August DuPont has spent his whole life inside a dilapidated house with his aunt Hydrangea. His lonely existence ends abruptly with the arrival of an invitation to meet an aunt--and cousins--he didn't even know existed. When Aunt Orchid suggests that August attend school with his cousins, it's a dream come true. But August has scarcely begun to celebrate his reversal of fortune when he is confronted by a small problem on his way home. So begins an adventure filled with a wild child, a zombie, a fabled white alligator, and an unimaginable family secret.


An illustration by K. G. Campbell from the book.
Today, I'm excited to be taking part in the blog tour for K. G. Campbell's A Small Zombie Problem. Come back tomorrow for my blog tour stop for The Haunting of Henry Davis by Kathryn Siebel.

A Small Zombie Problem, K. G. Campbell's middle grade fiction debut, is a fun, quirky, Southern Gothic-flavored tale of family, secrets, family secrets, and zombies, obviously. August DuPont lives with his Aunt Hydrangea in their dilapidated family estate, the last members of the DuPont family and heirs to quickly dwindling DuPont's Peppy Pepper Sauce dynasty. August lives a solitary and lonely life, as he has never left his house at his aunt's insistence (she is agoraphobic and has convinced August that the outside world is a terrifying place). However, one day the grocery delivery boy drops a box of August's favorite snack, Mudd Pies, and August sees his opportunity to take a quick step outside to retrieve his snacks. Of course, this doesn't go nearly as well as August expects it to and sets in motion an adventure that involves a long hidden family pepper sauce secret, newly discovered family, a white alligator, and a wee bit of a zombie problem.

An illustration by K. G. Campbell from the book.
I really enjoyed Campbell's almost timeless presentation of the story (we're never really quite sure when this story takes place) and his accompanying illustrations are delightfully creepy.
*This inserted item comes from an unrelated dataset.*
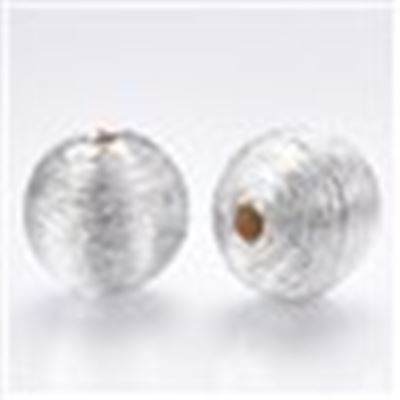 Polyester Cord Fabric Beads - Silver 15x13mm (Wood Interior) ea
The story feels very atmospheric at times, and Campbell's writing is spot on creepy when it needs to be, and he also writes some surprisingly beautiful turns of phrase. I was suitably impressed several times with his writing style. August starts out so quiet and introverted and his blossoming confidence throughout the story is handled very well, and Claudette's inclusion as an actual character instead of the zombie plot device is a nice change of pace.

The book starts out a little slow, but as the action picks up, things move along fairly quickly. The ending seems a little abrupt, but the cliffhanger should leave young readers anxious for the next book in the series. I know I'll be looking forward to it.


I'd like to thank Knopf Books for Young Readers for providing me with a copy of A Small Zombie Problem in exchange for a fair and honest review.